[meteorite-list] MESSENGER Finds Unusual Groups of Ridges and Troughs on Mercury

From: Ron Baalke <baalke_at_meteoritecentral.com>
Date: Thu, 15 Nov 2012 12:21:38 -0800 (PST)
Message-ID: <201211152021.qAFKLcuo026275_at_zagami.jpl.nasa.gov>


MESSENGER Mission News
November 15, 2012

MESSENGER Finds Unusual Groups of Ridges and Troughs on Mercury

MESSENGER has discovered assemblages of tectonic landforms unlike any
previously found on Mercury or elsewhere in the Solar System. The
findings are reported in a paper led by Smithsonian scientist Thomas
Watters, "Extension and contraction within volcanically buried impact
craters and basins on Mercury," published in the December issue of the
journal Geology and available online at

http://geology.gsapubs.org/content/40/12/1123.full .
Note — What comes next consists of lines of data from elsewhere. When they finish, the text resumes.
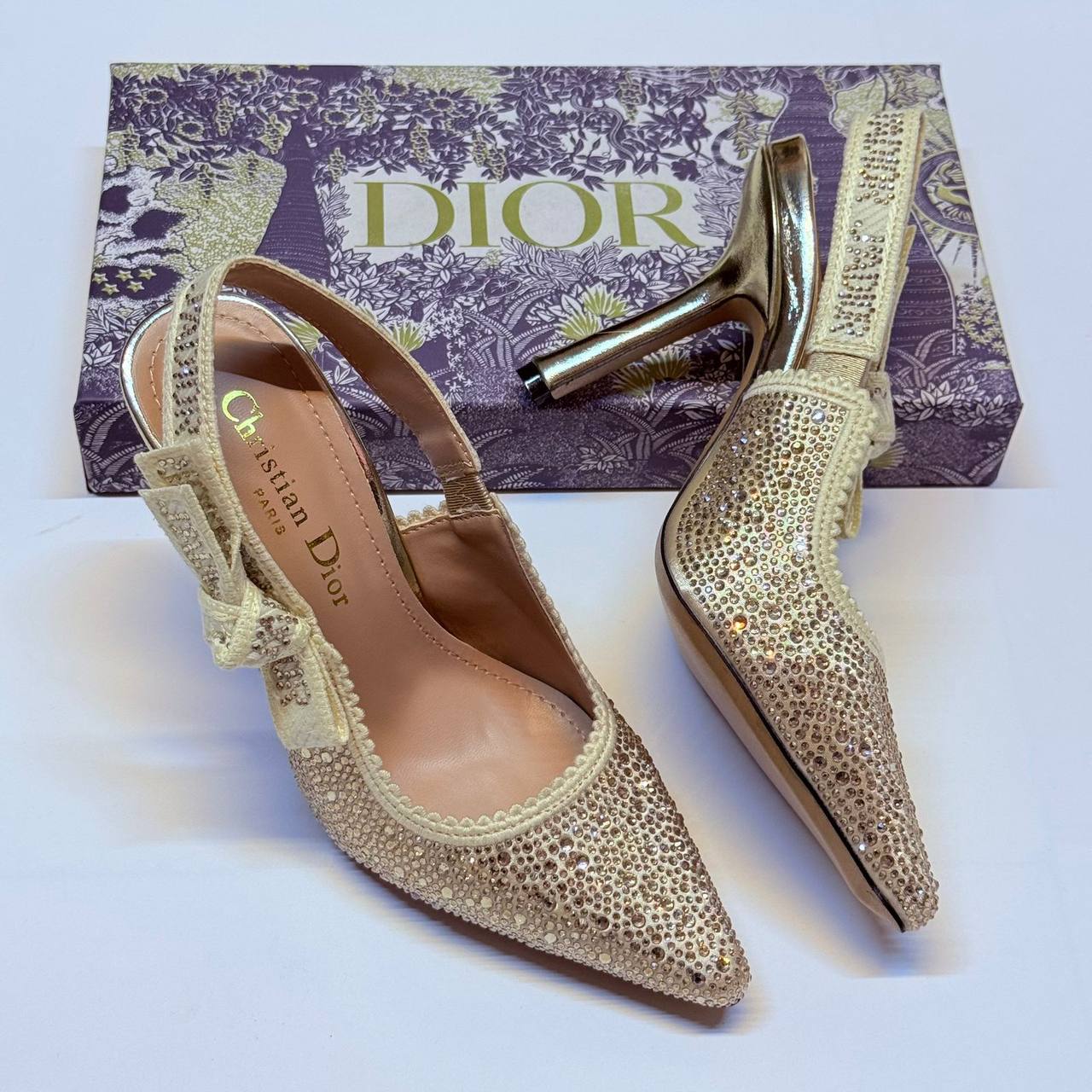 NEW CAME
DIOR HEEL
GOOD QUALITY
130 dhs✅
Size 36 TO 41
Zain40
♥️♥️♥️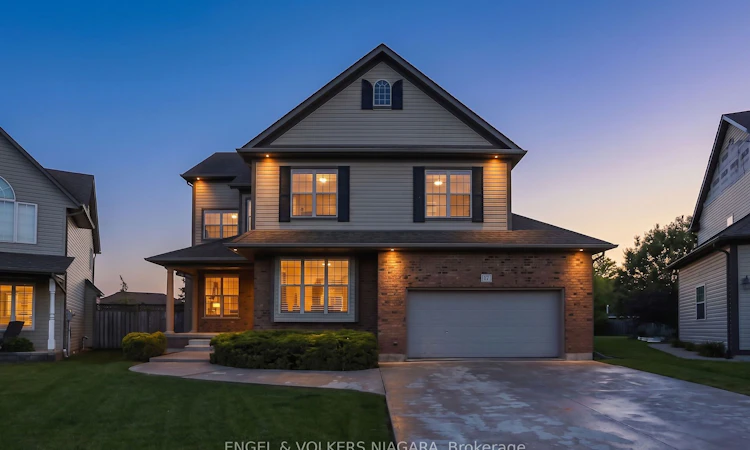 17 Sarah Crescent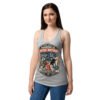 Camiseta de gatos para mujer PROGRAMA DE CONTROL NOCTURNO en color gris jaspeado, sobre modelo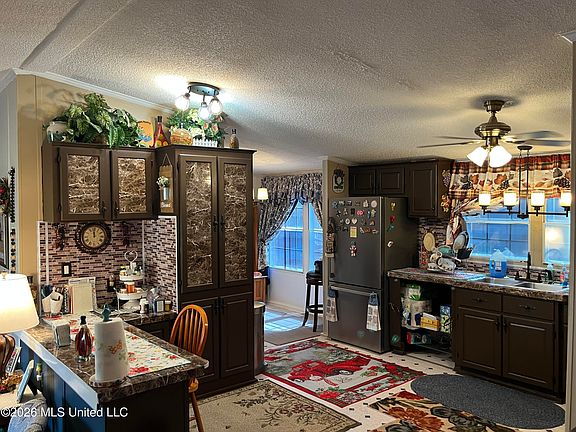 2nd image of 3231 Mallalieu Dr SE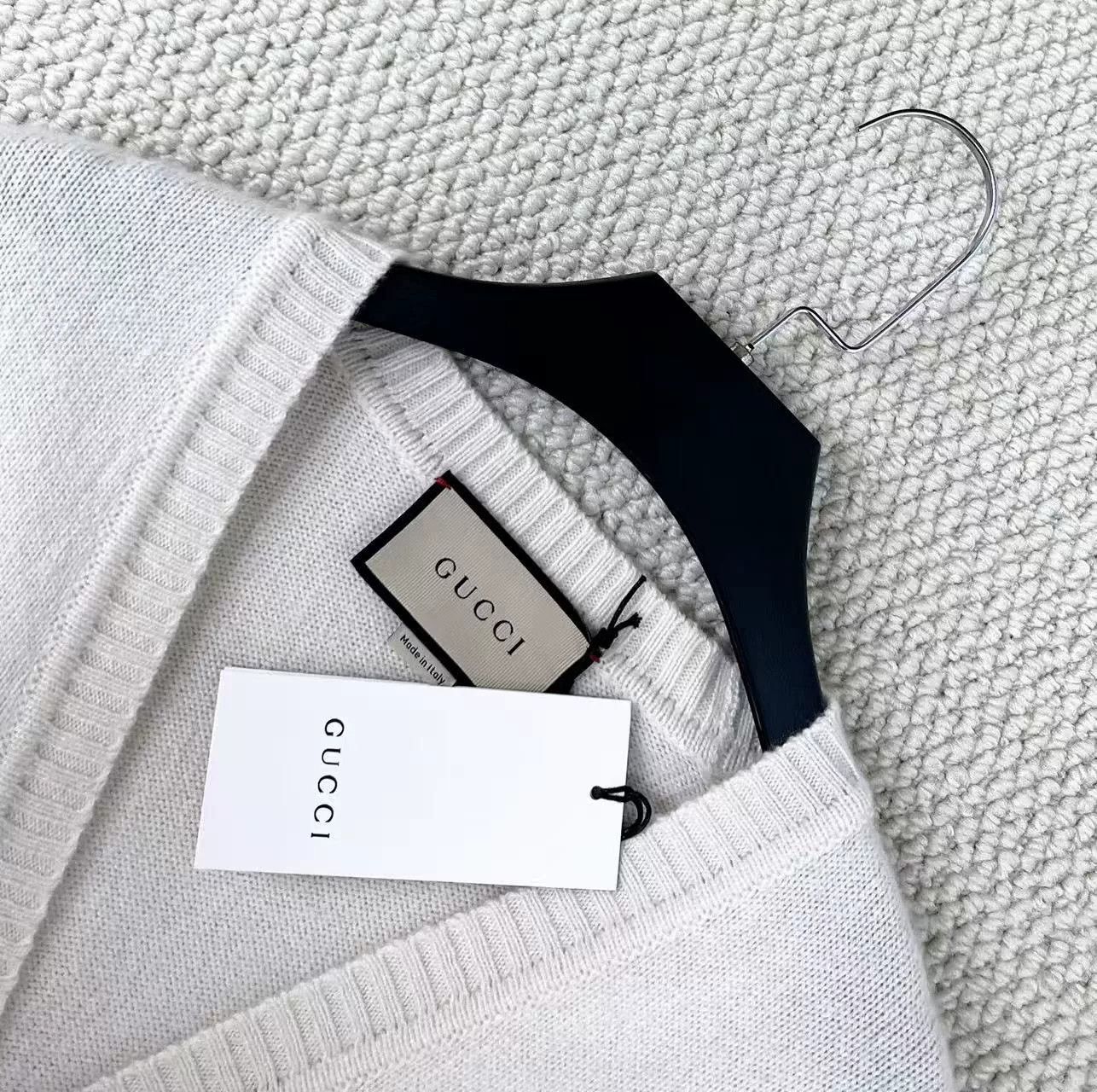 Gucci gucci ivory cashmere short cardigan with gold buttons Size XS / US 0-2 / IT 36-38 - 3 Thumbnail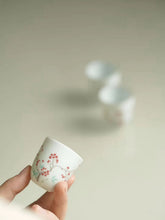 Load image into Gallery viewer, Tongxinshe Teahouse · Bone-Free Color Plum & Bamboo "Double Purity" Fragrance-Sniffing Cup /梅竹双清闻香杯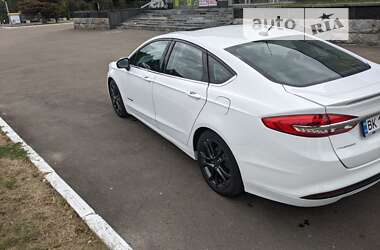 Седан Ford Fusion 2017 в Рівному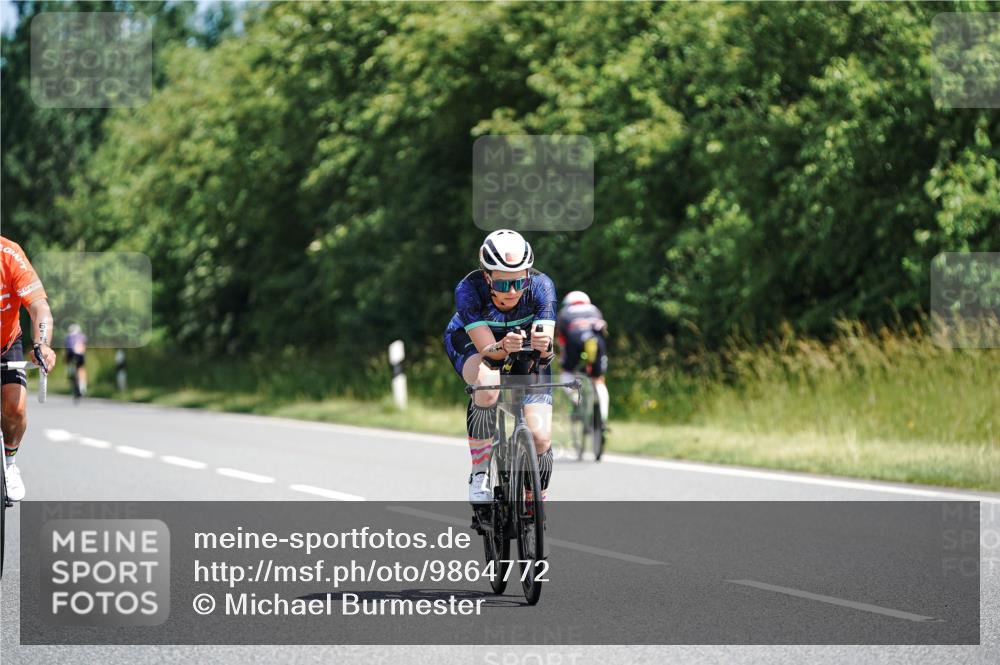 21.06.2026 - Viking Triathlon Michael Burmester http://msf.ph/oto/9864772 21.06.2026 11:50:30 Radfahren 33, 76, 88, 92, 107, 151, 174, 229, 272, 297, 351, 376, 385, 414, 422, 512, 557, 574, 618, 641, 641 meine-sportfotos.de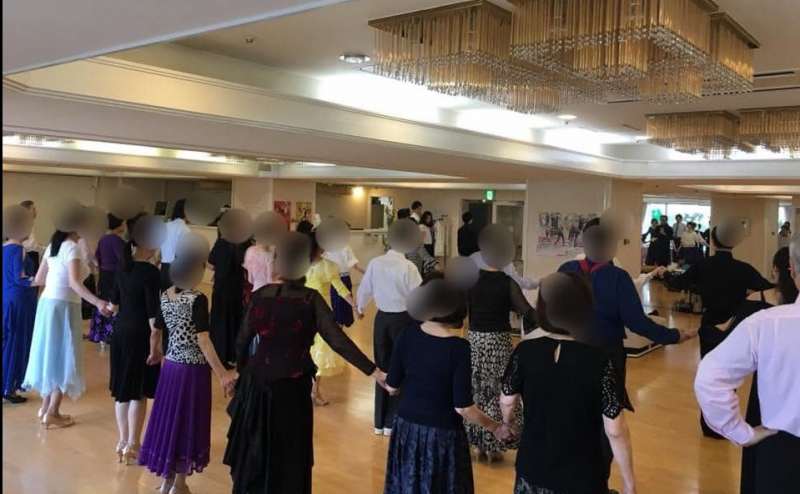 ダンスパーティー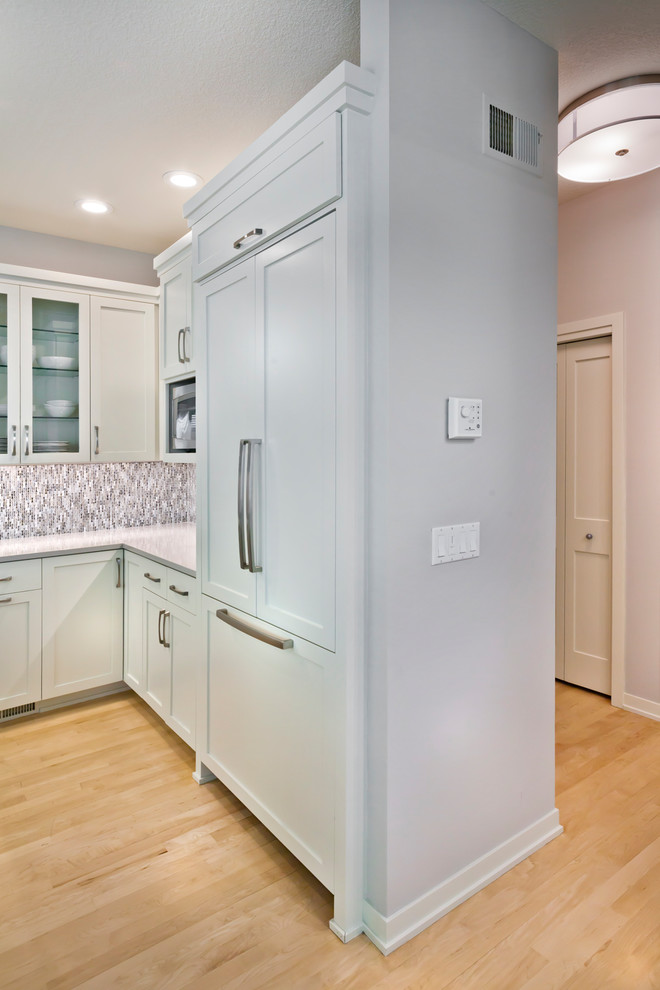 Transitional kitchen photo in Minneapolis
The surface of Mercury is covered with deformational landforms that
formed by faulting in response to horizontal contraction or shortening
as the planet's interior cooled and surface area shrank, causing blocks
of crustal material to be pushed together. Contraction from cooling of
Mercury's interior has been so dominant that extensional landforms
caused by fault formation in response to horizontal stretching and
pulling apart of crustal material had not been previously documented
outside of the interiors of a few large impact basins.

The MESSENGER spacecraft, in orbit around Mercury since March of last
year, has revealed families of extensional troughs, or graben, that are
encircled by contractional wrinkle ridges arranged in circular rings.
The troughs can form complex patterns varying from the outlines of
polygons inside the ridge rings to arcs that parallel the bounding ridges.

"The pattern of winkle ridges and graben resembles the raised edge and
cracks in a pie crust," said Watters of the Center for Earth and
Planetary Studies at the National Air and Space Museum. The "pie crust"
analogy also fits another notable aspect of these collections of
tectonic landforms ???????? their association with "ghost" craters. Ghost
craters are impact craters that have been flooded and buried by lava
flows. The thin volcanic deposits overlying the rim of a fully buried
impact crater serve to concentrate contractional forces, leading to the
formation of a ridge ring that reveals the outline of the buried crater.

"The special arrangement of the wrinkle ridges and graben in many of the
ghost craters on Mercury is due to a combination of extensional forces
from cooling and contraction of unusually thick lava flow units and
contractional forces from cooling and contraction of the planet's
interior," says Sean Solomon of the Columbia University's Lamont-Doherty
Earth Observatory, coauthor and principal investigator of the MESSENGER
mission. The eruption and rapid accumulation of very fluid lava flows
into thick cooling units on a planet undergoing a high rate of global
contraction may be why these systems of tectonic landforms in ghost
craters on Mercury have not been seen elsewhere in the Solar System.


MESSENGER's Flight Traffic Controller

As the MESSENGER mission's Deep Space Network (DSN) scheduler, Jessica
Call vies for time on the network of large antennas around the globe for
scientists and engineers to talk to the spacecraft. "Since each antenna
can point only to one spacecraft at a time, schedulers like me negotiate
on behalf of the various deep space projects to develop a plan so that
each spacecraft can share this valuable resource," she explains. Read
more about her critical role on the team here
MESSENGER (MErcury Surface, Space ENvironment, GEochemistry, and
Ranging) is a NASA-sponsored scientific investigation of the planet
Mercury and the first space mission designed to orbit the planet closest
to the Sun. The MESSENGER spacecraft launched on August 3, 2004, and
after flybys of Earth, Venus, and Mercury will start a yearlong study of
its target planet in March 2011. Dr. Sean C. Solomon, of the Carnegie
Institution of Washington, leads the mission as Principal Investigator.
The Johns Hopkins University Applied Physics Laboratory built and operates
the MESSENGER spacecraft and manages this Discovery-class mission for NASA.